§ What to work on:
With the pictures left aside, write out exactly the lines of the listing below from the line with "男生卫衣搭配男生冬天穿卫衣才时髦" to the line with "2 figurina câine solar din rasina", both included, and only those.

§ Material for the task:
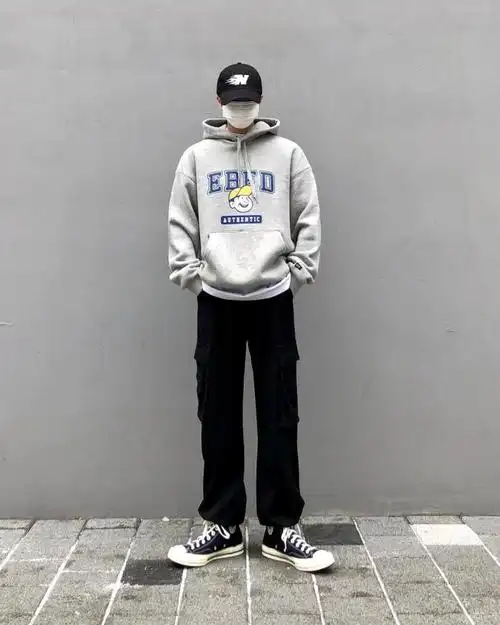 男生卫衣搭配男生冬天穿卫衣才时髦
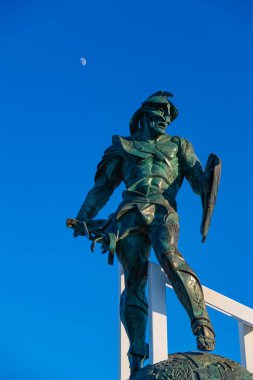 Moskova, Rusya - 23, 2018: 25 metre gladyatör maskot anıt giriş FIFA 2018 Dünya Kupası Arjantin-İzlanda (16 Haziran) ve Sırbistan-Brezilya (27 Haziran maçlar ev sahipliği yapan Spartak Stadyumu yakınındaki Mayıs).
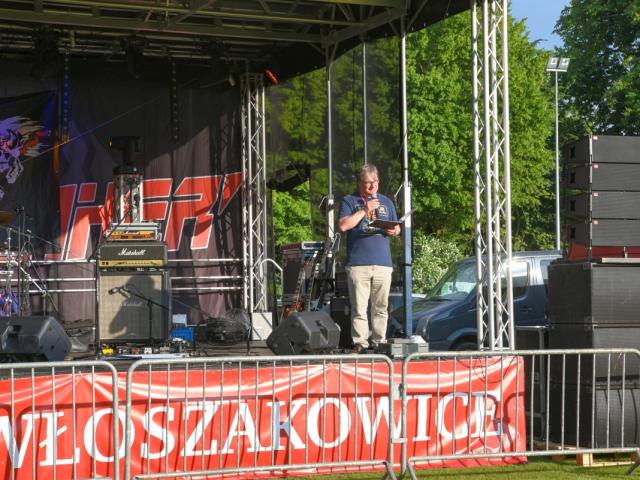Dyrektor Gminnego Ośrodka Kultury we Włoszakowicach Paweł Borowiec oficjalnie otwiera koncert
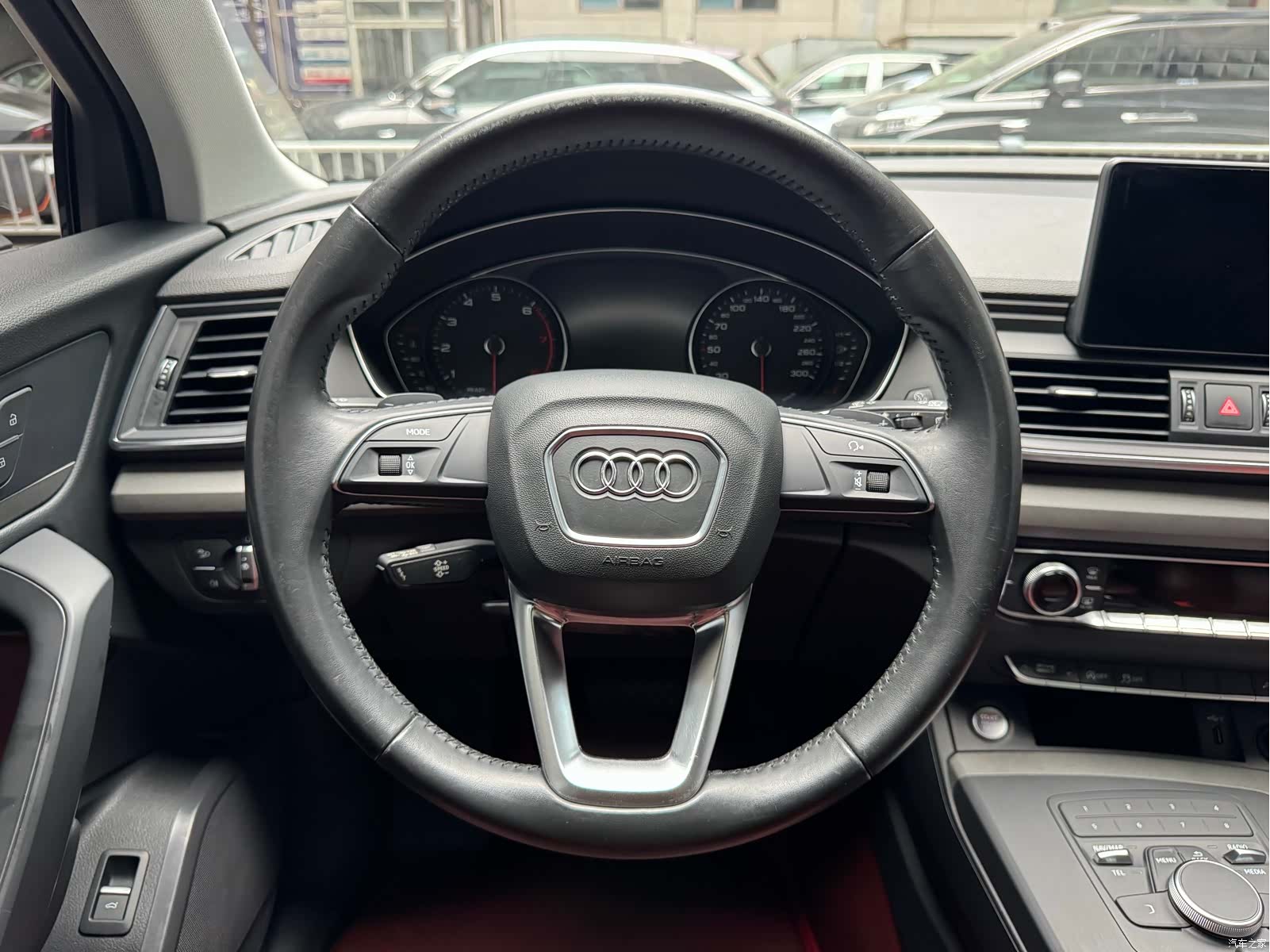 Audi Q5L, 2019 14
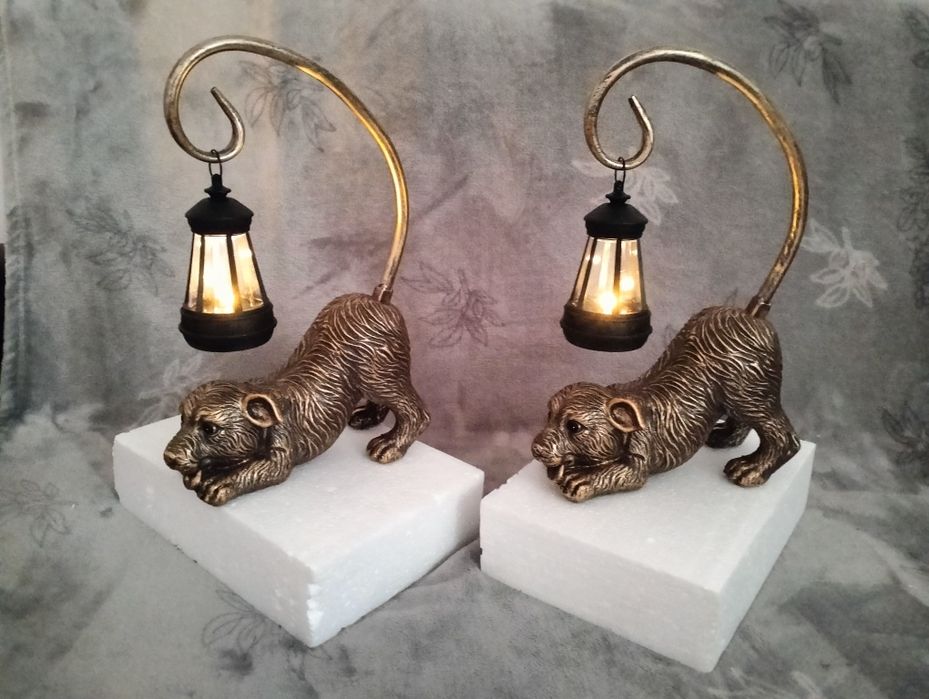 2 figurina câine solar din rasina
==
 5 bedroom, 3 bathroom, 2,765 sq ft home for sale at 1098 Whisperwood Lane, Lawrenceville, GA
==
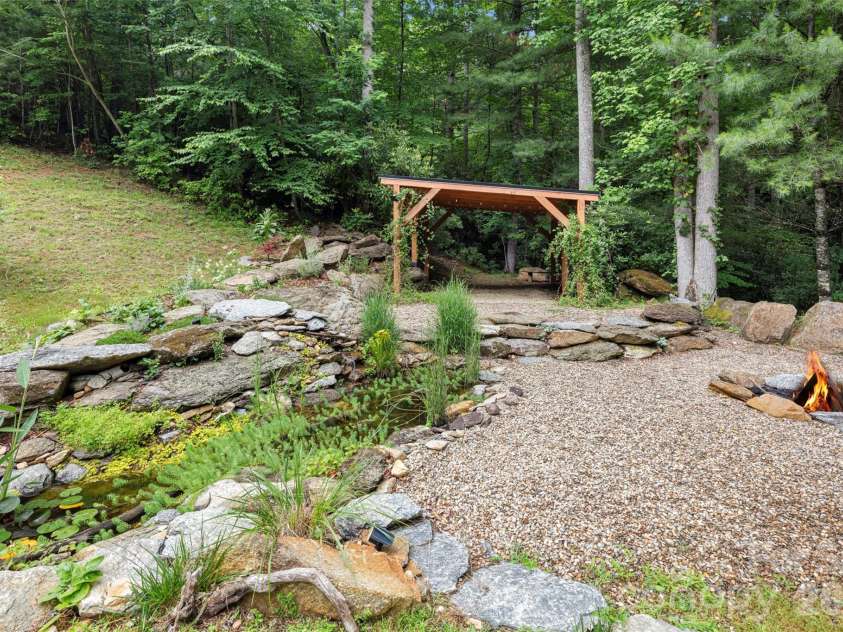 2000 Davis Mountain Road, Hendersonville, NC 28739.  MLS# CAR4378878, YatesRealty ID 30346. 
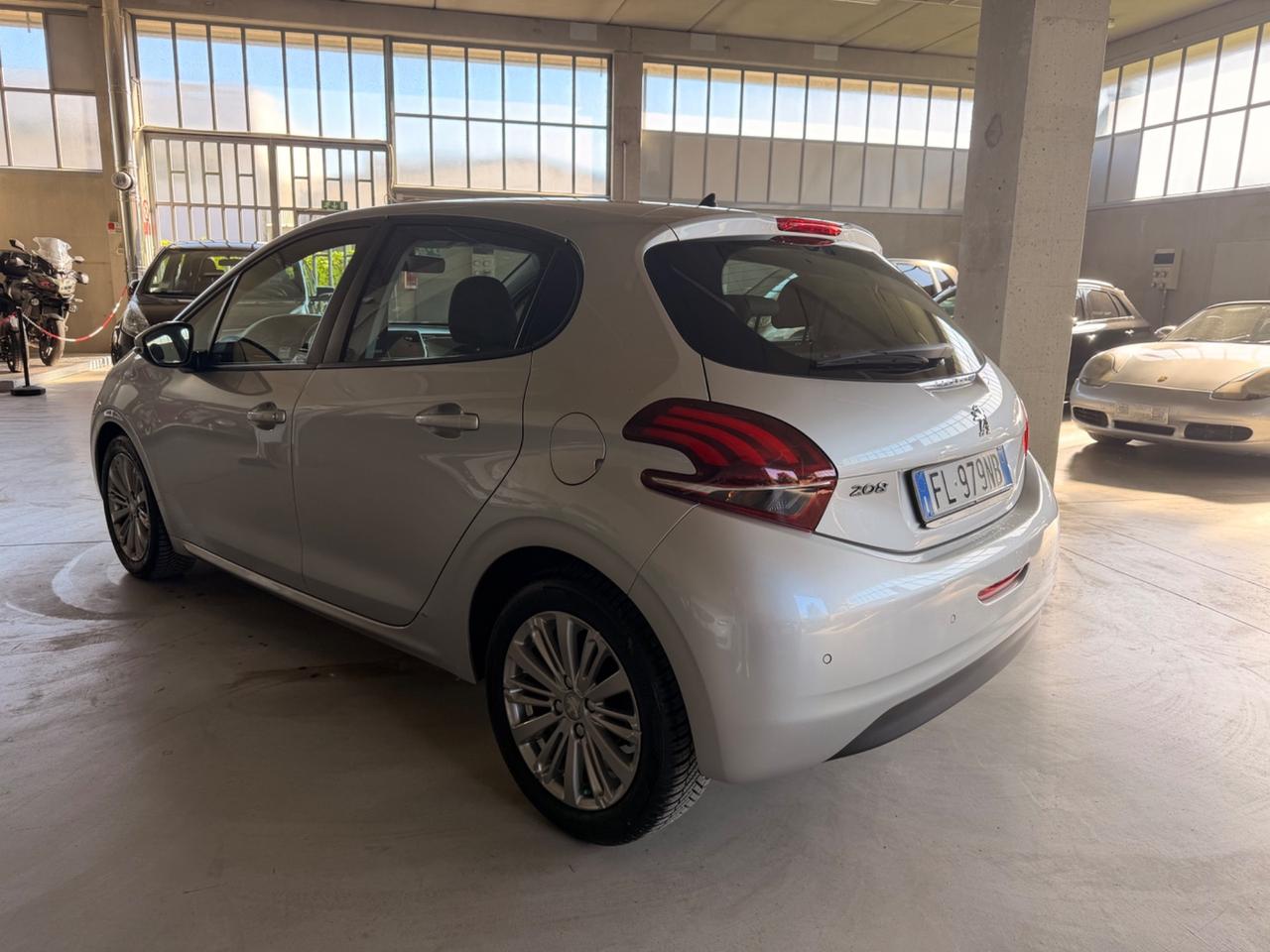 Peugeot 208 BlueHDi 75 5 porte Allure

§ Completed task:
 男生卫衣搭配男生冬天穿卫衣才时髦
 Moskova, Rusya - 23, 2018: 25 metre gladyatör maskot anıt giriş FIFA 2018 Dünya Kupası Arjantin-İzlanda (16 Haziran) ve Sırbistan-Brezilya (27 Haziran maçlar ev sahipliği yapan Spartak Stadyumu yakınındaki Mayıs).
Dyrektor Gminnego Ośrodka Kultury we Włoszakowicach Paweł Borowiec oficjalnie otwiera koncert
 Audi Q5L, 2019 14
 2 figurina câine solar din rasina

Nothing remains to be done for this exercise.